Johannesburg – The Gauteng government announced on Friday violence against children cost the economy over R238 billion in 2015.
“We must work together because the challenge we are facing is enormous. The figures are shocking. On this day we are saying NO to abuse and violence against children. Not under our watch,” Gauteng Premier David Makhura said.
According to a Report compiled by the Save the Children organisation, titled Violence Unwrapped, The Social and Economic Burden of Violence against Children in South Africa, one in every three young people would have experienced sexual abuse in their lifetime.
The Gauteng government said they were committed to dealing with violence against children. Makhura and Community Safety MEC Sizakele Nkosi-Malobane reaffirmed that commitment at Constitutional Hill.

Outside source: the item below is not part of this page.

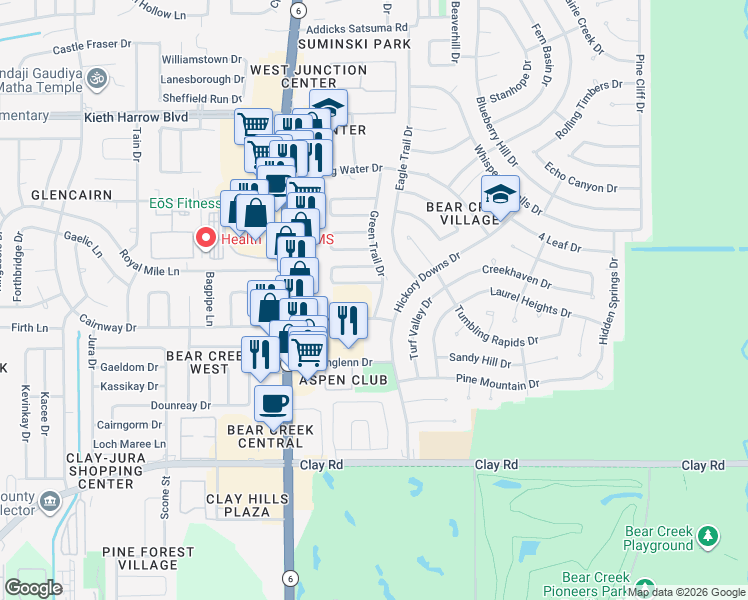 map of restaurants, bars, coffee shops, grocery stores, and more near 4638 Green Trail Drive in Houston
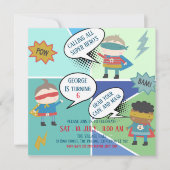 Cute Super héros bande dessinée Enfants Invitation (Devant)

A 2015 study conducted by the Optimus Foundation and the University of Cape Town showed that 23.1 percent of young people reported exposure to family violence, 44.5 percent had experienced theft and 26.2 percent had been robbed.

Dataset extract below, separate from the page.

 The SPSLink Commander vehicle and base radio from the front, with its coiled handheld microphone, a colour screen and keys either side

The Premier and the MEC unveiled a sculpture, containing messages on violence against children that had been placed at Constitutional Hill for the duration of the 16 Days campaign earlier on Friday.

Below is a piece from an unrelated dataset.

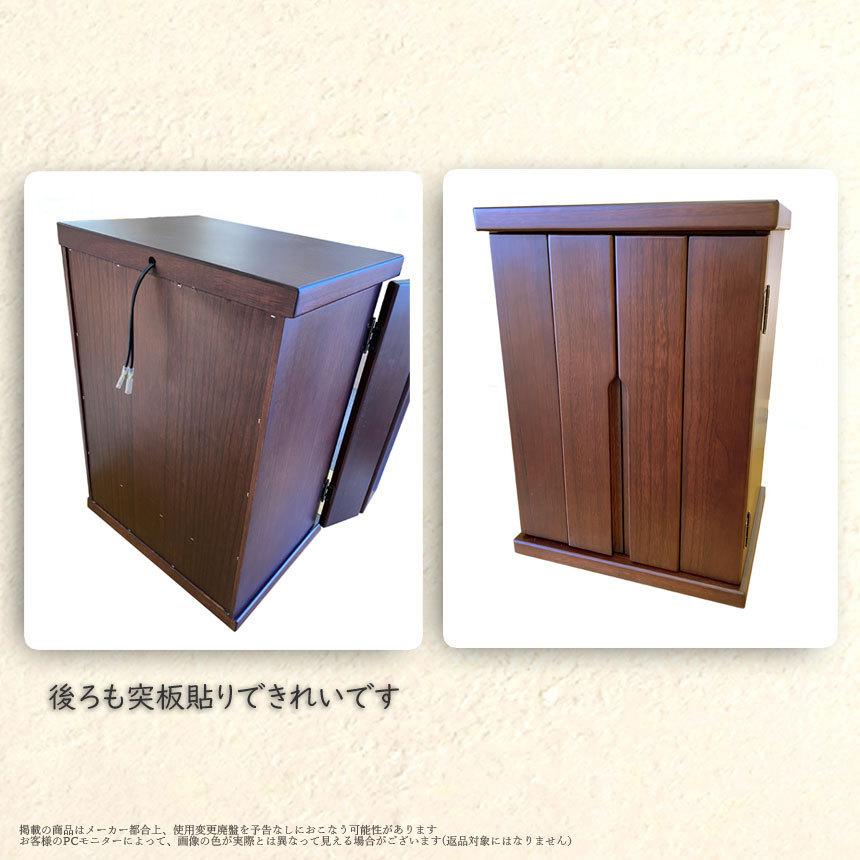 mk-33001 幅32cm 桐材 ミニ仏壇 2色対応 コンパクト 15号 完成品 LED照明 美しい彫刻桜の画像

Save the children has also called on policy makers to invest in prevention of violence against children.
The Gauteng Government said they were currently responding to issues of social transformation and Save the Children will continue to work with government to ensure that South Africa and Gauteng becomes a safer place for children.
Makhura acknowledged the ground-breaking study undertaken by the organisation.
“It will go a long way in helping us to understand the conditions and challenges facing our children so that we can design appropriate interventions,” Makhura said.
Government said they were also intervening to build a safer Gauteng for children by implementing the Gauteng Safety Strategy which had a specific focus on social crime prevention.
The plight of children whose mothers were victims of gender-based were also a priority for government and eligible children who are in shelters must receive serious support to complete schooling and further their studies beyond grade 12.